# PROBLEM DESCRIPTION:
Every record below is to be copied exactly, with its images omitted.

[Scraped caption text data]

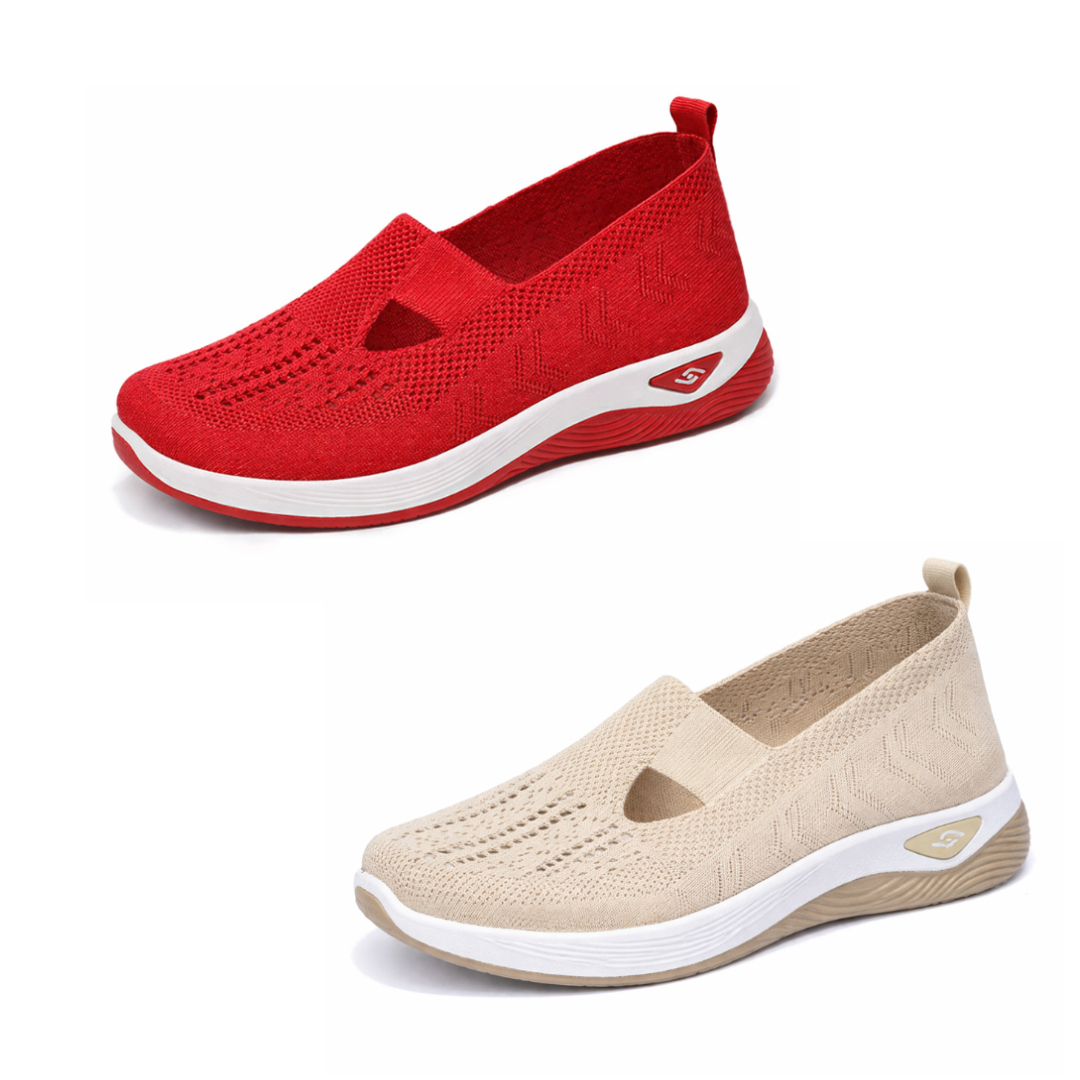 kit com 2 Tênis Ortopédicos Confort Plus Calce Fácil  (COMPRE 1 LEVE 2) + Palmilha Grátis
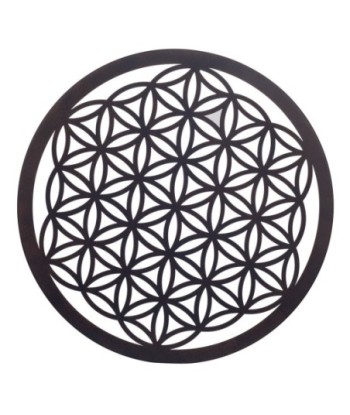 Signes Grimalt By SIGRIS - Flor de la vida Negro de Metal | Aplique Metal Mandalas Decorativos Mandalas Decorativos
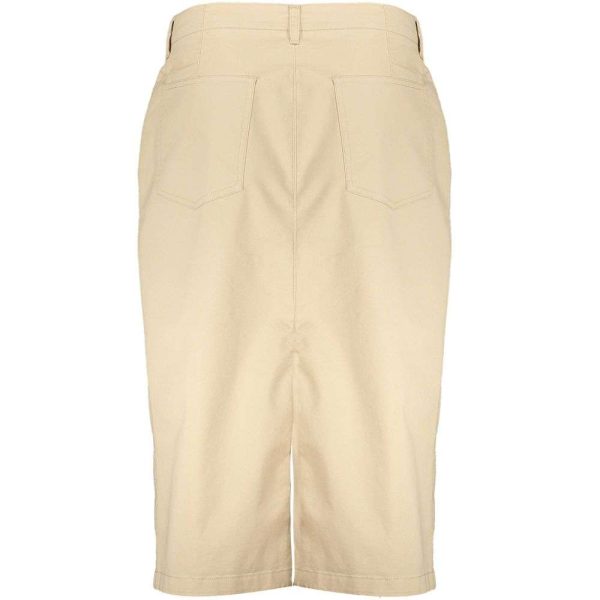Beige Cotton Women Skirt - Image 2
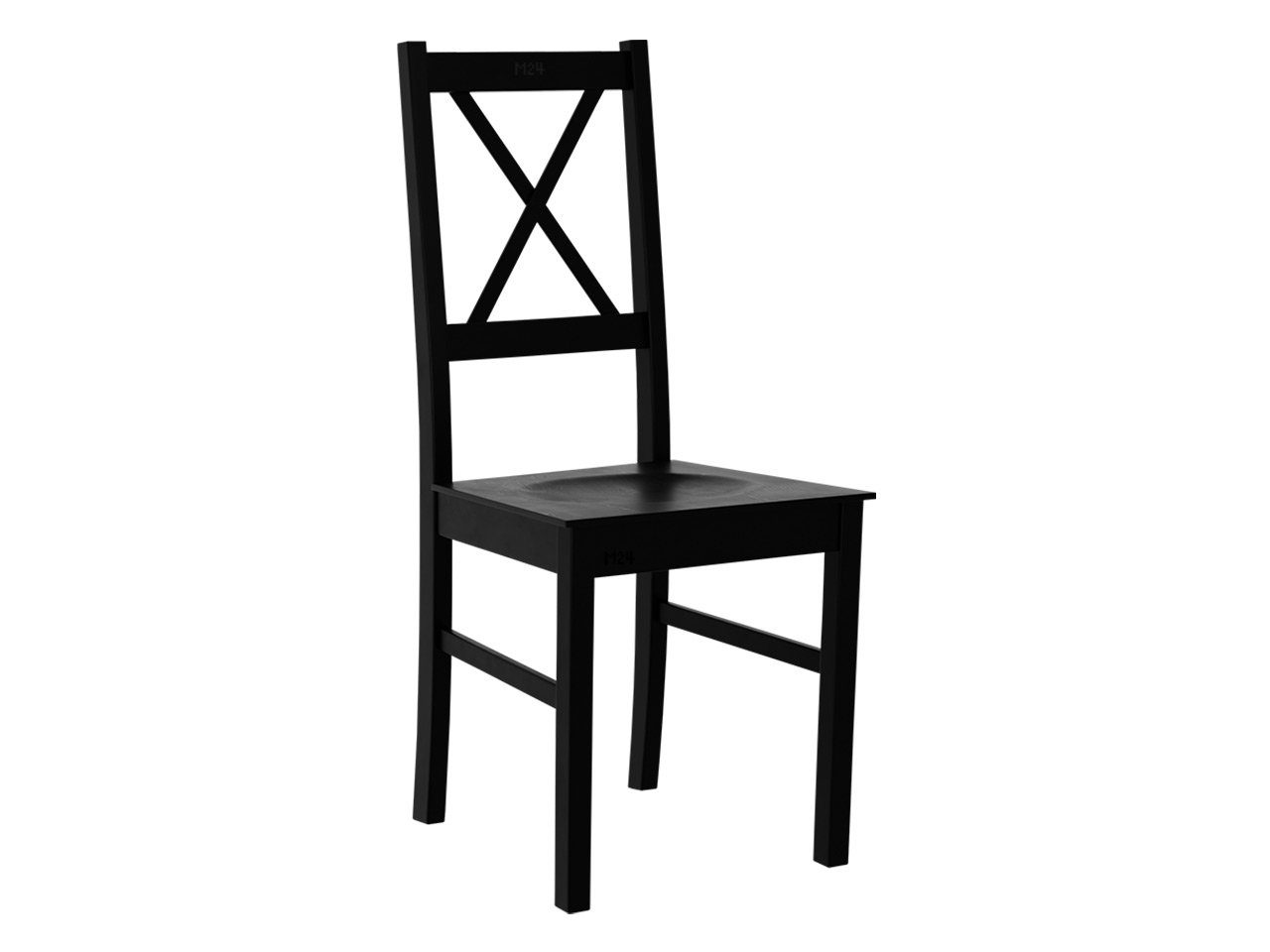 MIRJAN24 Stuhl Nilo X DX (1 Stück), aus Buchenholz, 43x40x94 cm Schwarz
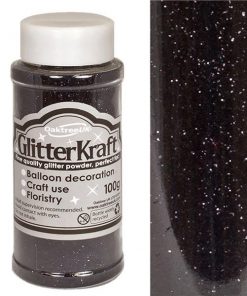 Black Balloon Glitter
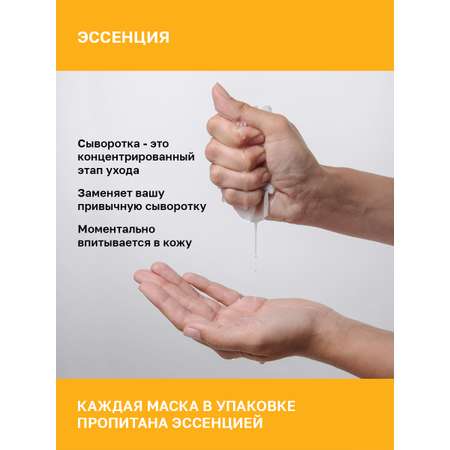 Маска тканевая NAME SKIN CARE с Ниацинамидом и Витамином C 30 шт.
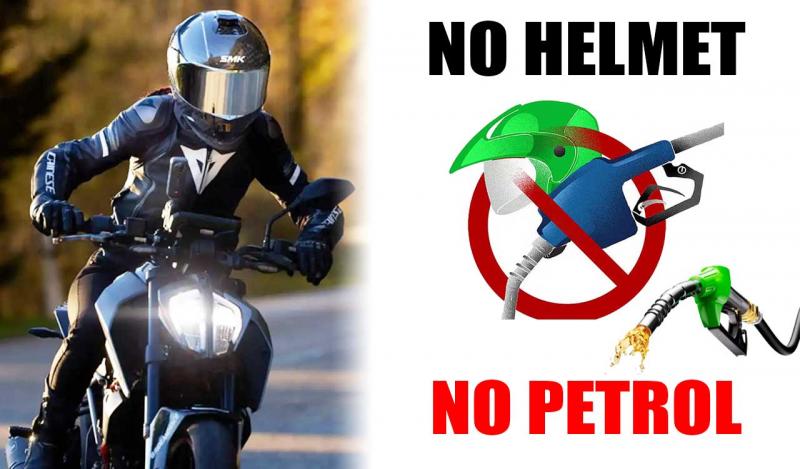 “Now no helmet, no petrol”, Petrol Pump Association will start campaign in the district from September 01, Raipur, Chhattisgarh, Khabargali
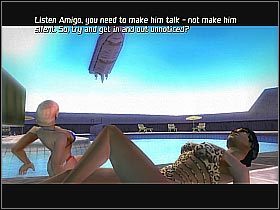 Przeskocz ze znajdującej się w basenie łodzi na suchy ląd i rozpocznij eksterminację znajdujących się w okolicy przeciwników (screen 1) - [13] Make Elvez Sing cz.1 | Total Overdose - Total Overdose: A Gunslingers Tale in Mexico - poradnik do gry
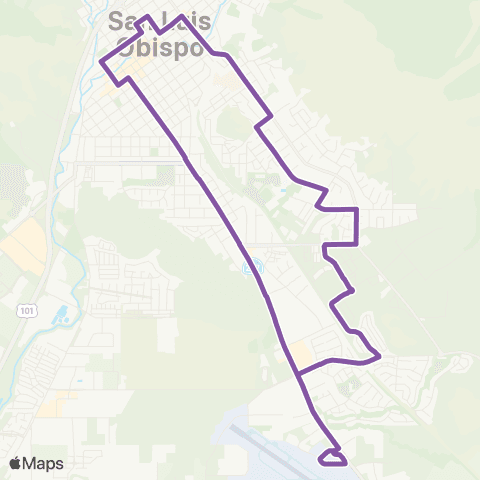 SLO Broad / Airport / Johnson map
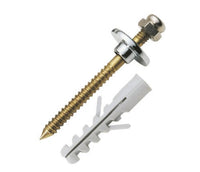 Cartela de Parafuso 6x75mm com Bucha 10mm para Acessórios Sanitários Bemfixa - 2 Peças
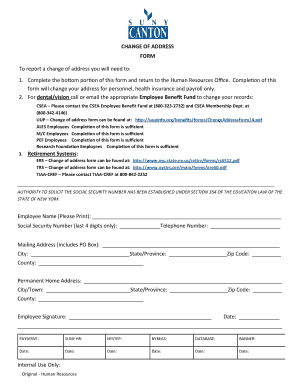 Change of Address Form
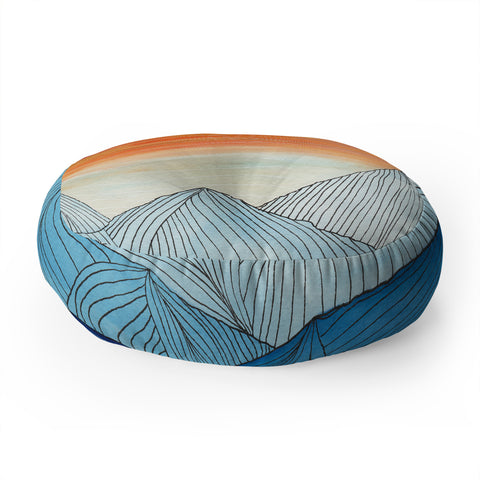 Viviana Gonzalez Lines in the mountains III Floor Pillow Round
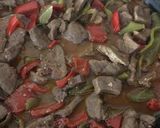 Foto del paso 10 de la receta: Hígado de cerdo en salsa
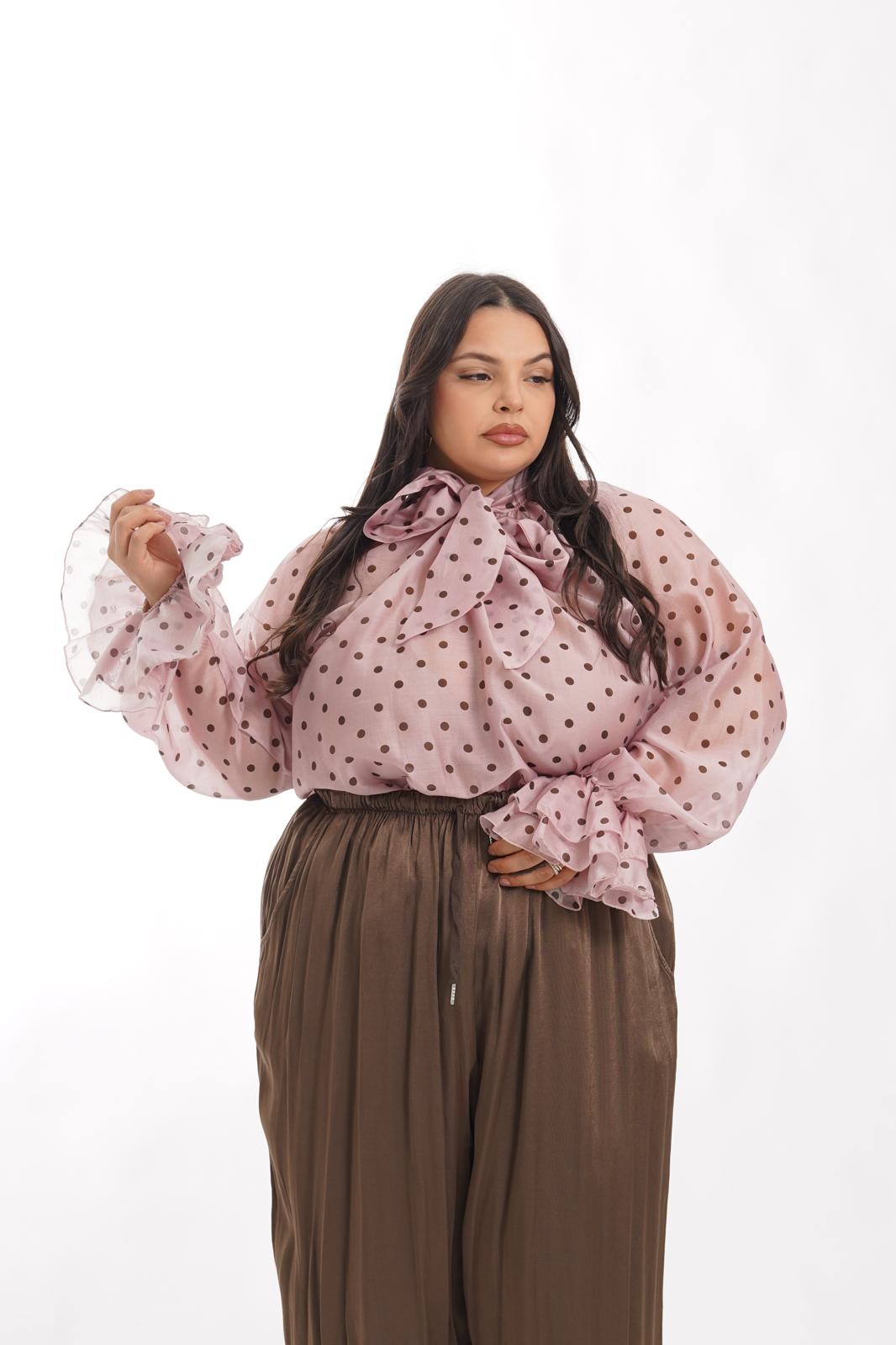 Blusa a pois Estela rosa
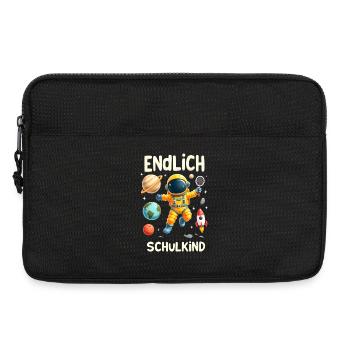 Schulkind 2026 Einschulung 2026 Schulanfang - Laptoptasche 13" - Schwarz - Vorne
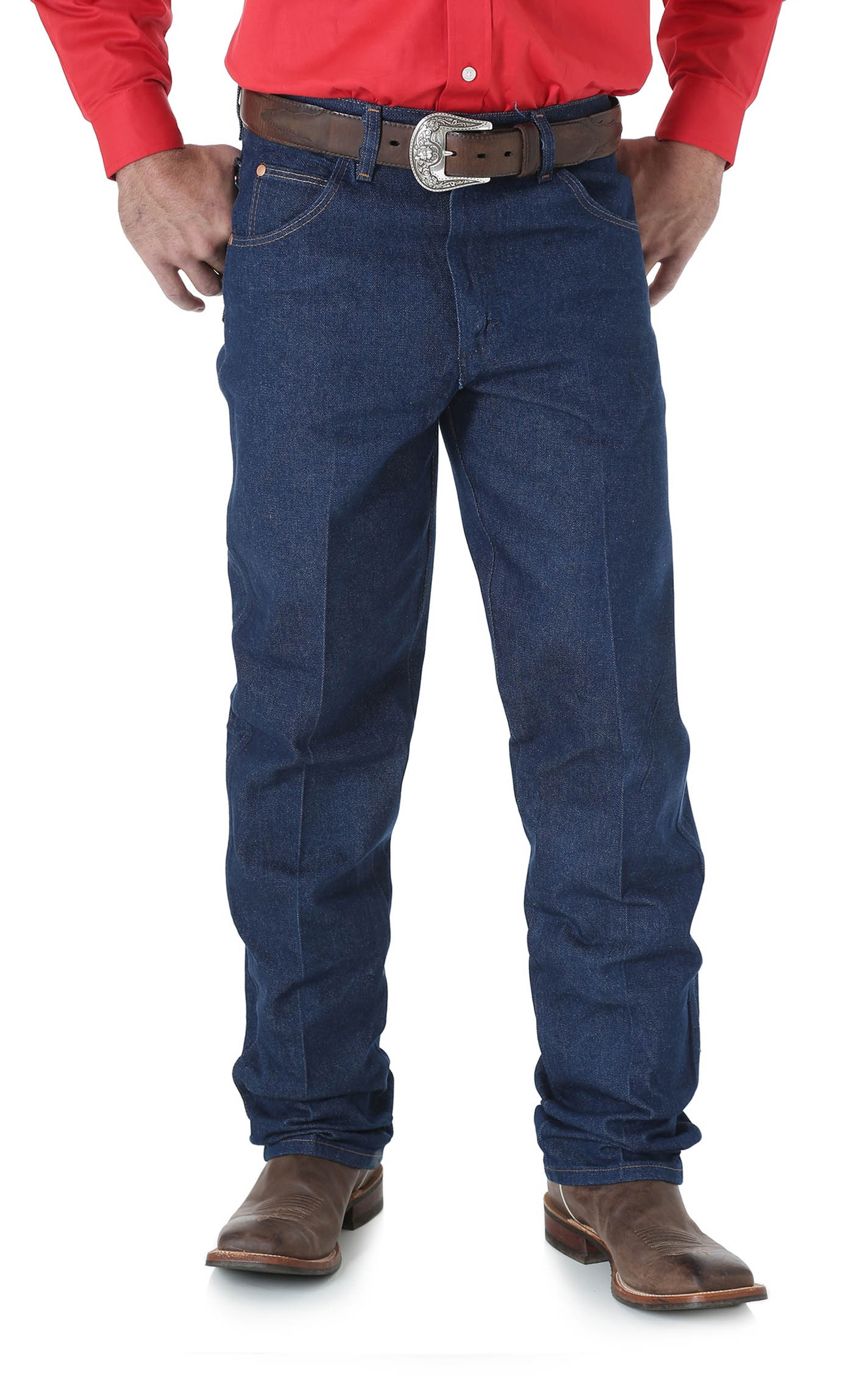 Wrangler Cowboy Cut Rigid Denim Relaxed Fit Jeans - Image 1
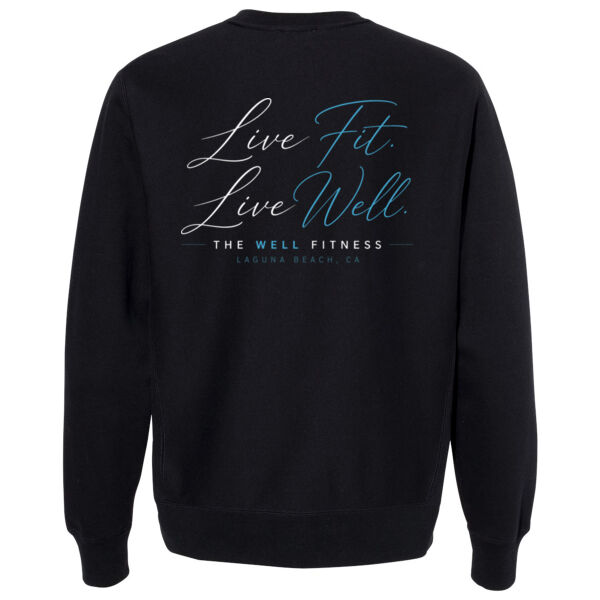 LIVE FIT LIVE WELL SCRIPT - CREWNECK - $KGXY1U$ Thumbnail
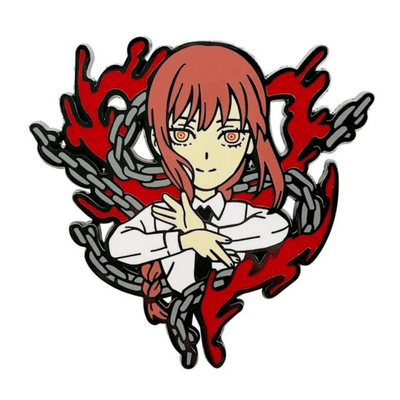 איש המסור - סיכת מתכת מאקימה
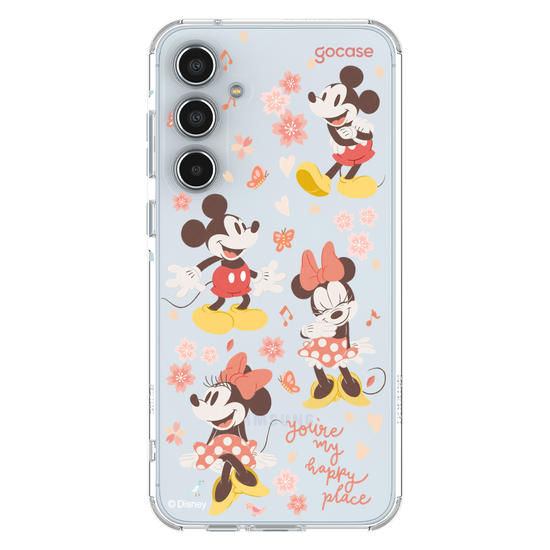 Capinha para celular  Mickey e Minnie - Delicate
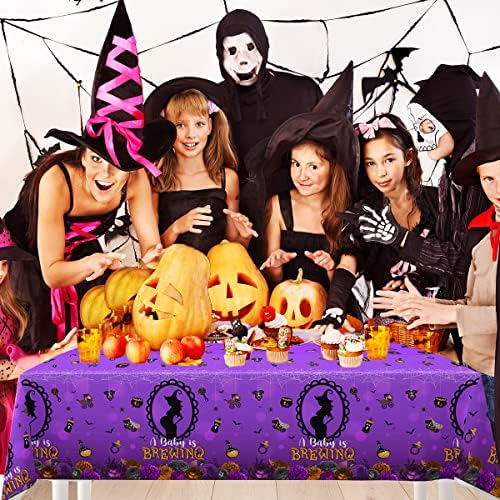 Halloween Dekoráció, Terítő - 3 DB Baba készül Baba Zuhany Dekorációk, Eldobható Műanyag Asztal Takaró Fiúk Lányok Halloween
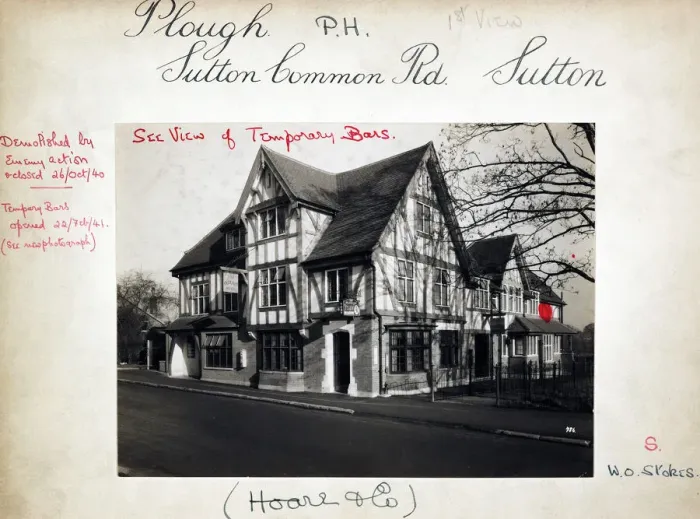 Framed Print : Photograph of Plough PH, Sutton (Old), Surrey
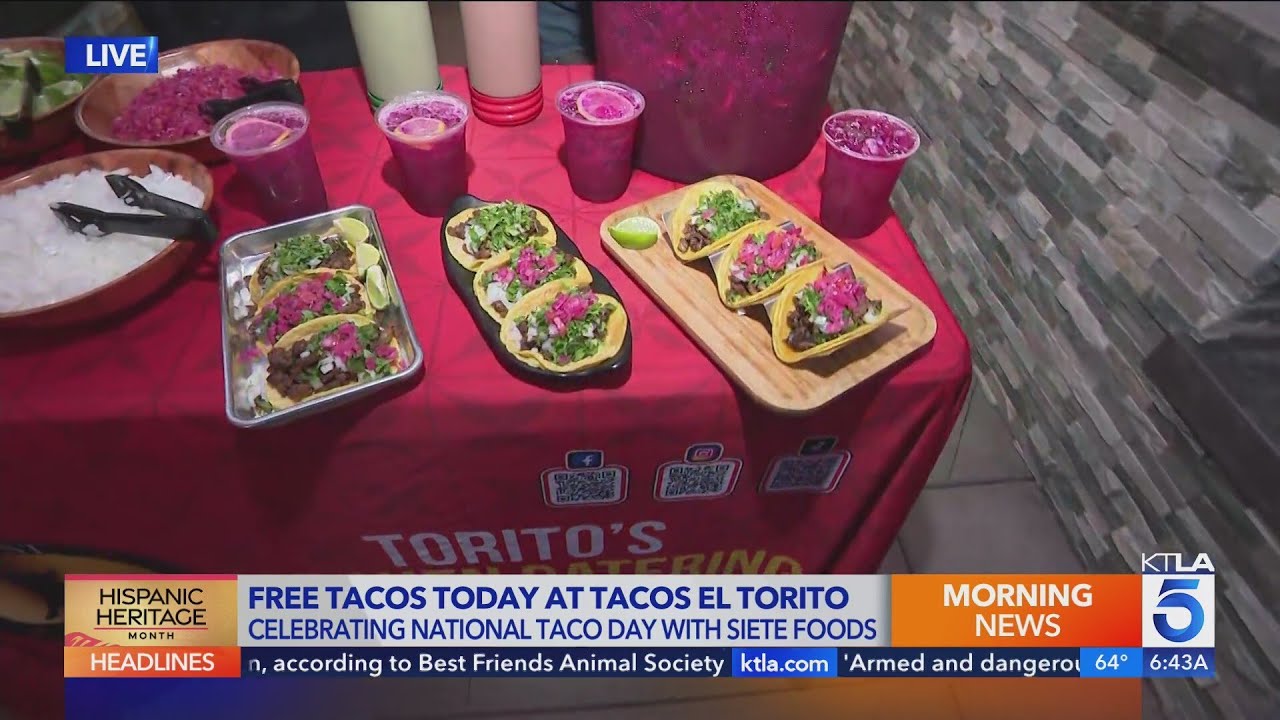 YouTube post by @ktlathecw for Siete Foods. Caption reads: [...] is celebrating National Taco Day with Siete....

# RESPONSE TO THE TASK:
 kit com 2 Tênis Ortopédicos Confort Plus Calce Fácil  (COMPRE 1 LEVE 2) + Palmilha Grátis
 Signes Grimalt By SIGRIS - Flor de la vida Negro de Metal | Aplique Metal Mandalas Decorativos Mandalas Decorativos
Beige Cotton Women Skirt - Image 2
 MIRJAN24 Stuhl Nilo X DX (1 Stück), aus Buchenholz, 43x40x94 cm Schwarz
 Black Balloon Glitter
 Маска тканевая NAME SKIN CARE с Ниацинамидом и Витамином C 30 шт.
 “Now no helmet, no petrol”, Petrol Pump Association will start campaign in the district from September 01, Raipur, Chhattisgarh, Khabargali
 Przeskocz ze znajdującej się w basenie łodzi na suchy ląd i rozpocznij eksterminację znajdujących się w okolicy przeciwników (screen 1) - [13] Make Elvez Sing cz.1 | Total Overdose - Total Overdose: A Gunslingers Tale in Mexico - poradnik do gry
 SLO Broad / Airport / Johnson map
 Cartela de Parafuso 6x75mm com Bucha 10mm para Acessórios Sanitários Bemfixa - 2 Peças
 Change of Address Form
 Viviana Gonzalez Lines in the mountains III Floor Pillow Round
 Foto del paso 10 de la receta: Hígado de cerdo en salsa
 Blusa a pois Estela rosa
 Schulkind 2026 Einschulung 2026 Schulanfang - Laptoptasche 13" - Schwarz - Vorne
 Wrangler Cowboy Cut Rigid Denim Relaxed Fit Jeans - Image 1
 LIVE FIT LIVE WELL SCRIPT - CREWNECK - $KGXY1U$ Thumbnail
 איש המסור - סיכת מתכת מאקימה
 Capinha para celular  Mickey e Minnie - Delicate
 Halloween Dekoráció, Terítő - 3 DB Baba készül Baba Zuhany Dekorációk, Eldobható Műanyag Asztal Takaró Fiúk Lányok Halloween
 Framed Print : Photograph of Plough PH, Sutton (Old), Surrey
 YouTube post by @ktlathecw for Siete Foods. Caption reads: [...] is celebrating National Taco Day with Siete....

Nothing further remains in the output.